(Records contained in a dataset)
◇ ◇ ◇ ◇ ◇ ◇ ◇
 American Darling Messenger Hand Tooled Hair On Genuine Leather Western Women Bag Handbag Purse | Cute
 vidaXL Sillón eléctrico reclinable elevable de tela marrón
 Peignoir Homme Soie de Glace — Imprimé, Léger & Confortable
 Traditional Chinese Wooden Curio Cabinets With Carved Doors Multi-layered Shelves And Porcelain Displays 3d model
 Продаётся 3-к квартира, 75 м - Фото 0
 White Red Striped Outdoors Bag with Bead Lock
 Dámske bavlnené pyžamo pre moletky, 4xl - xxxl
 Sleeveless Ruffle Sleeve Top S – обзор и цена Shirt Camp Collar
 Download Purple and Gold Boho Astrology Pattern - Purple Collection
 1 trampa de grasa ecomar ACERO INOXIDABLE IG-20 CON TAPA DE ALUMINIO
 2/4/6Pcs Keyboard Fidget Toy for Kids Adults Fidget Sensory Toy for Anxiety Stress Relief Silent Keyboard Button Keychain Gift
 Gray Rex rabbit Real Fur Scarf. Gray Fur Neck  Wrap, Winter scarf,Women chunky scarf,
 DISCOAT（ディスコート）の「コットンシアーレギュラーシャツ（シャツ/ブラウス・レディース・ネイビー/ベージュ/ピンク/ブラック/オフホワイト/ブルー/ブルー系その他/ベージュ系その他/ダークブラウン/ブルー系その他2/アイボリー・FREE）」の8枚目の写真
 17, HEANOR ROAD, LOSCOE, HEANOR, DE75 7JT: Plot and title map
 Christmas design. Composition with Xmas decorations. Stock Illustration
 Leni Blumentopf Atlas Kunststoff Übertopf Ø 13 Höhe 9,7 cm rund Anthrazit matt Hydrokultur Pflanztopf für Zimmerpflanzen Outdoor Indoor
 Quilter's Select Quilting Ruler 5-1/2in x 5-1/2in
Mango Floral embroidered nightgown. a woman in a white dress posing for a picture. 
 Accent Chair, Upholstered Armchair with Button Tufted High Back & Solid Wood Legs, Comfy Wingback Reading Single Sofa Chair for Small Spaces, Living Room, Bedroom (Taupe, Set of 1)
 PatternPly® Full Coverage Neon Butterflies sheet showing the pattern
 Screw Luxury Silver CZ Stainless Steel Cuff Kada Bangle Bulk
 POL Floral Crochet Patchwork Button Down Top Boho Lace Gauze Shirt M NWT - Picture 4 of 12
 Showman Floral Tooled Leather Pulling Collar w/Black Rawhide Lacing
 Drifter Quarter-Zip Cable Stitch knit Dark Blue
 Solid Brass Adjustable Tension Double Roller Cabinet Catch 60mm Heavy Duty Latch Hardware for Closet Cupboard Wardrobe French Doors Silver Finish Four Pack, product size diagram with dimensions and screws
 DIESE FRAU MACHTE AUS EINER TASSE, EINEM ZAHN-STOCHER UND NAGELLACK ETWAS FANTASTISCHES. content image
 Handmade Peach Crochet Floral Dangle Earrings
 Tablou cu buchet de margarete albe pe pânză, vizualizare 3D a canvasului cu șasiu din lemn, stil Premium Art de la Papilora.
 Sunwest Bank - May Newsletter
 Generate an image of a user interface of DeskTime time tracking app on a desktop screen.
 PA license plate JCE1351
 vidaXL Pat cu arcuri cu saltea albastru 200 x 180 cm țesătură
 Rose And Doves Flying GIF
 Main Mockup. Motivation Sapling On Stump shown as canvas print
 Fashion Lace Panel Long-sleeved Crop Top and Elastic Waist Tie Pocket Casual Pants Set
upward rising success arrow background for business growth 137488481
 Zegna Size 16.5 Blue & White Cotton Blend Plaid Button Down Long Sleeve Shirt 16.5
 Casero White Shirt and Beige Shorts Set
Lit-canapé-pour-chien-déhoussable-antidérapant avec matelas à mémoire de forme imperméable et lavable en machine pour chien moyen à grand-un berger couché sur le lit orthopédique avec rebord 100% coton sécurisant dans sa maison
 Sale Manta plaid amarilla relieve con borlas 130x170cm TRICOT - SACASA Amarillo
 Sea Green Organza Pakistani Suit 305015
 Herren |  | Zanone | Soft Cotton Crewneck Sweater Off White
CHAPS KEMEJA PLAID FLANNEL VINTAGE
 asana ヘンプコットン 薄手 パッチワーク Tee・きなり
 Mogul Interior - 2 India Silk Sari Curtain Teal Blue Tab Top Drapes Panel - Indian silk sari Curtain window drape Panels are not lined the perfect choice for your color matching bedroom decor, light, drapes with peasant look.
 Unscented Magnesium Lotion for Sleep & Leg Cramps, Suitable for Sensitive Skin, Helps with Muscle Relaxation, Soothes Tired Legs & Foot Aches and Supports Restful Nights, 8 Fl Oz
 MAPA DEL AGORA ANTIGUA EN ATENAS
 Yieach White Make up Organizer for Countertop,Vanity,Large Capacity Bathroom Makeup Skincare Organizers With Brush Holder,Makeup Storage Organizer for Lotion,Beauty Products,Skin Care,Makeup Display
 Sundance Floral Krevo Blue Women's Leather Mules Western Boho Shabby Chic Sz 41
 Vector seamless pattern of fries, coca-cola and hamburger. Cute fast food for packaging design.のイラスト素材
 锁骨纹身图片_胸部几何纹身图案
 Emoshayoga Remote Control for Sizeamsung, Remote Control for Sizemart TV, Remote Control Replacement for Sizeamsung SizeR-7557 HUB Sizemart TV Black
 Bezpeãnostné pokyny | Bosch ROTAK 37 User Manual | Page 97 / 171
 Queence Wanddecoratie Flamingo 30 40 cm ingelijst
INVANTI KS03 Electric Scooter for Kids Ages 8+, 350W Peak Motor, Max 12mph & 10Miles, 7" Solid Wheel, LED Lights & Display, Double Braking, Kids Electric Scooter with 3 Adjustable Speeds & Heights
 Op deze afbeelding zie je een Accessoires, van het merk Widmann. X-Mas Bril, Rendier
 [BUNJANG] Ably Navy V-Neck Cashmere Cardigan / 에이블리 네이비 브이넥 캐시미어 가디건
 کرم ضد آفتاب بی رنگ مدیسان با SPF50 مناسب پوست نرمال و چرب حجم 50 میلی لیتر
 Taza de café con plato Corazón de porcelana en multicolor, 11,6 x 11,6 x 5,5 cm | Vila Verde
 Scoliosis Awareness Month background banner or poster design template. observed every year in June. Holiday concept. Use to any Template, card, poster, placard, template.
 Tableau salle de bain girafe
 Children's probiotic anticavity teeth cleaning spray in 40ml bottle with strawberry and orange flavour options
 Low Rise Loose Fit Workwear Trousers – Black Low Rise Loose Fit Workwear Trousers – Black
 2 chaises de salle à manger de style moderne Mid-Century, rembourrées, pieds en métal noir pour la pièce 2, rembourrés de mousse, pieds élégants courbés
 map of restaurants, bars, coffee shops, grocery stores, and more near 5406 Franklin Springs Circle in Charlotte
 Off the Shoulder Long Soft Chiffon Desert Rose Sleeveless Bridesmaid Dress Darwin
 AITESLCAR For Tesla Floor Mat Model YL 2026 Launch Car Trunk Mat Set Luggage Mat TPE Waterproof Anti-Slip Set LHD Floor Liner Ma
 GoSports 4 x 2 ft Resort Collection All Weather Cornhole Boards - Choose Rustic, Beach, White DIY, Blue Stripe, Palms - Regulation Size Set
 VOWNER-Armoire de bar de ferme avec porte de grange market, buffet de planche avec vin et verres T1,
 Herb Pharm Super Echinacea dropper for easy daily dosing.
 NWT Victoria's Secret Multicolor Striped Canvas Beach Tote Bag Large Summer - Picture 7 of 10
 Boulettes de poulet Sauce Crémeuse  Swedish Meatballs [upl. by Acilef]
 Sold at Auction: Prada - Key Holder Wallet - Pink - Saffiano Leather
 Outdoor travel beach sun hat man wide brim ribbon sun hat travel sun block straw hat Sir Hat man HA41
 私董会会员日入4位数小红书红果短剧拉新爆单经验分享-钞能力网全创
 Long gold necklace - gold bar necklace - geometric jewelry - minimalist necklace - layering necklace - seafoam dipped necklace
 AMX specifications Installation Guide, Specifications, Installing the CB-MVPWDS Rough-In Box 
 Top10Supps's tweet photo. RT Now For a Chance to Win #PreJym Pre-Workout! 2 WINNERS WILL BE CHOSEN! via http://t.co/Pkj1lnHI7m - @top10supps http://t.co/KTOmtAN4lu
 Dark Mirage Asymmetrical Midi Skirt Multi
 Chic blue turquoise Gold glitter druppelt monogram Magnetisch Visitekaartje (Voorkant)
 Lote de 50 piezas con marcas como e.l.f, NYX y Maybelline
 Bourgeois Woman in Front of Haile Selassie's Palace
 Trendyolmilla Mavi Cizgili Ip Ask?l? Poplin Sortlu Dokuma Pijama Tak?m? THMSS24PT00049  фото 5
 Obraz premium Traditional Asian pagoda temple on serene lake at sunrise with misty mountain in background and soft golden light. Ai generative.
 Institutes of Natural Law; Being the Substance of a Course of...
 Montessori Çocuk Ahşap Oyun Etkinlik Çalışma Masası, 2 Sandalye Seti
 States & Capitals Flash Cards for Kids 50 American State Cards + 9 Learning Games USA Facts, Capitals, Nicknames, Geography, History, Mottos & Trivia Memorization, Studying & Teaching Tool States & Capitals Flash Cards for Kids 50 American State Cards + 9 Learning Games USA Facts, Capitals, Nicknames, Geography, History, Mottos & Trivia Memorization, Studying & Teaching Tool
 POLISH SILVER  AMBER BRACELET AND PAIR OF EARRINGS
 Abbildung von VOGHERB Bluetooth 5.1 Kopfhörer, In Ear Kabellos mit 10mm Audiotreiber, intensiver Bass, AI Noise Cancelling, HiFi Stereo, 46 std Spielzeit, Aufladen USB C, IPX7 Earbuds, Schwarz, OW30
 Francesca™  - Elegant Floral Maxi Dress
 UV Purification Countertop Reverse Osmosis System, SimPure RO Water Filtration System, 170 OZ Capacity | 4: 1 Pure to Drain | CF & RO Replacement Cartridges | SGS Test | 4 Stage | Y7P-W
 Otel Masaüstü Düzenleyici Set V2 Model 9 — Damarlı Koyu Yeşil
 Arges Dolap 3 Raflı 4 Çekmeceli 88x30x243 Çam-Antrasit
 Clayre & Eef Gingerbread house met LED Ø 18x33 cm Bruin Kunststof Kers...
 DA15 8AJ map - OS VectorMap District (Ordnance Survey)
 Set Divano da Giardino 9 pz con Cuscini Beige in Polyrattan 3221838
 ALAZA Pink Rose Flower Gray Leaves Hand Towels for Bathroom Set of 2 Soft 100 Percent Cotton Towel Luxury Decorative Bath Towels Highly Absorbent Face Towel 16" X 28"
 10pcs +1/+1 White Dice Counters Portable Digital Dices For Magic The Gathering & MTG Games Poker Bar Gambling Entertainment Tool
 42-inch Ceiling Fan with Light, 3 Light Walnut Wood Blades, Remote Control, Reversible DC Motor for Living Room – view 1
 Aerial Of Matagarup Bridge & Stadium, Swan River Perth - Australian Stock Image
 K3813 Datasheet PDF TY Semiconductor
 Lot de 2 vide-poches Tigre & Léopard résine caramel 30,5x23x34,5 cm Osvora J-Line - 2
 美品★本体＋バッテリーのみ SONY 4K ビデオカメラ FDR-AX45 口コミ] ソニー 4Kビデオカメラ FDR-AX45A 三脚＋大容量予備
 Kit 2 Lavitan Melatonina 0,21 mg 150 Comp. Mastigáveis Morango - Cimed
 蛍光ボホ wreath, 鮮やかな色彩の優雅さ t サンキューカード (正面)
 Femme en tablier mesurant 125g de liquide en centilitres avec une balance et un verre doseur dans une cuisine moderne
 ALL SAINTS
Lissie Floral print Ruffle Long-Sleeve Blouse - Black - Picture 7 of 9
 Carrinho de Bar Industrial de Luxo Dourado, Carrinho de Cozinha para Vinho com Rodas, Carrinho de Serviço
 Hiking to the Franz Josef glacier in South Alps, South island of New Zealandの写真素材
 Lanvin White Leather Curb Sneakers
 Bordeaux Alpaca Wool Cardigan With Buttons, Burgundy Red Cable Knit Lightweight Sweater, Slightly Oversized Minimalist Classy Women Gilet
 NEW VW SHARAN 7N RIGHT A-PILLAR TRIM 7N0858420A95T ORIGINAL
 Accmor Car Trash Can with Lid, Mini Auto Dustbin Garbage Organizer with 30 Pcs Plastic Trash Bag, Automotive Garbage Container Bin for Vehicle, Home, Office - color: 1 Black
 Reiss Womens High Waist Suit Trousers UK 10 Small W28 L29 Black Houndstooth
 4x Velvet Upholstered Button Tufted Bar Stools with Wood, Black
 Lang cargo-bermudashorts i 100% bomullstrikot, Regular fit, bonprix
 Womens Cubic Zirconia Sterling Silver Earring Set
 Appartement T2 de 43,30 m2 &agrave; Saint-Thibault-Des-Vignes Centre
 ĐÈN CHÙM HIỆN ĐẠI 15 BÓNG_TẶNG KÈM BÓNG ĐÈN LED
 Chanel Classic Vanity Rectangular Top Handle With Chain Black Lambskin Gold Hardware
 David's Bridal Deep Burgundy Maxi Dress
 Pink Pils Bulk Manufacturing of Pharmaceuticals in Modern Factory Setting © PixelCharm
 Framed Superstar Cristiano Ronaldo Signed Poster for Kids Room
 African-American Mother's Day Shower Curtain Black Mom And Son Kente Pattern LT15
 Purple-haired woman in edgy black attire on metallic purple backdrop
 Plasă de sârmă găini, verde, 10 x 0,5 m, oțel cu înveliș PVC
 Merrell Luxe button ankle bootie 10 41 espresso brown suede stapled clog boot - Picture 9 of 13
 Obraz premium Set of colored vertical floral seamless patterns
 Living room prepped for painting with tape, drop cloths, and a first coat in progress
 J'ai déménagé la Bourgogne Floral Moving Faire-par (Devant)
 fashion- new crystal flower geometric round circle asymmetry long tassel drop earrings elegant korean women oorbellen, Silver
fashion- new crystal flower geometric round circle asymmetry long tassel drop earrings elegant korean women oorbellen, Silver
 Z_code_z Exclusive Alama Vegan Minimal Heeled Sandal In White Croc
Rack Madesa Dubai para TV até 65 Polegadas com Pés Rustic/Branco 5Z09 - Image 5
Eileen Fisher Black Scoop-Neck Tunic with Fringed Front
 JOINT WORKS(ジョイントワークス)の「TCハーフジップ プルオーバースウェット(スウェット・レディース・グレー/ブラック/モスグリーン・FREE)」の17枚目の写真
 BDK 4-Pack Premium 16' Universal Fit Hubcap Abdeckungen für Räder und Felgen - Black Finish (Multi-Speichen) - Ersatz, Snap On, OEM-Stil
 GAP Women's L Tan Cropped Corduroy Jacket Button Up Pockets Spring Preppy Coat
◇ ◇ ◇ ◇ ◇ ◇ ◇
Copy out only the lines of the records above from the one with "VOWNER-Armoire de bar" through the one with "PAIR OF EARRINGS", exactly as they stand, both included.

 VOWNER-Armoire de bar de ferme avec porte de grange market, buffet de planche avec vin et verres T1,
 Herb Pharm Super Echinacea dropper for easy daily dosing.
 NWT Victoria's Secret Multicolor Striped Canvas Beach Tote Bag Large Summer - Picture 7 of 10
 Boulettes de poulet Sauce Crémeuse  Swedish Meatballs [upl. by Acilef]
 Sold at Auction: Prada - Key Holder Wallet - Pink - Saffiano Leather
 Outdoor travel beach sun hat man wide brim ribbon sun hat travel sun block straw hat Sir Hat man HA41
 私董会会员日入4位数小红书红果短剧拉新爆单经验分享-钞能力网全创
 Long gold necklace - gold bar necklace - geometric jewelry - minimalist necklace - layering necklace - seafoam dipped necklace
 AMX specifications Installation Guide, Specifications, Installing the CB-MVPWDS Rough-In Box 
 Top10Supps's tweet photo. RT Now For a Chance to Win #PreJym Pre-Workout! 2 WINNERS WILL BE CHOSEN! via http://t.co/Pkj1lnHI7m - @top10supps http://t.co/KTOmtAN4lu
 Dark Mirage Asymmetrical Midi Skirt Multi
 Chic blue turquoise Gold glitter druppelt monogram Magnetisch Visitekaartje (Voorkant)
 Lote de 50 piezas con marcas como e.l.f, NYX y Maybelline
 Bourgeois Woman in Front of Haile Selassie's Palace
 Trendyolmilla Mavi Cizgili Ip Ask?l? Poplin Sortlu Dokuma Pijama Tak?m? THMSS24PT00049  фото 5
 Obraz premium Traditional Asian pagoda temple on serene lake at sunrise with misty mountain in background and soft golden light. Ai generative.
 Institutes of Natural Law; Being the Substance of a Course of...
 Montessori Çocuk Ahşap Oyun Etkinlik Çalışma Masası, 2 Sandalye Seti
 States & Capitals Flash Cards for Kids 50 American State Cards + 9 Learning Games USA Facts, Capitals, Nicknames, Geography, History, Mottos & Trivia Memorization, Studying & Teaching Tool States & Capitals Flash Cards for Kids 50 American State Cards + 9 Learning Games USA Facts, Capitals, Nicknames, Geography, History, Mottos & Trivia Memorization, Studying & Teaching Tool
 POLISH SILVER  AMBER BRACELET AND PAIR OF EARRINGS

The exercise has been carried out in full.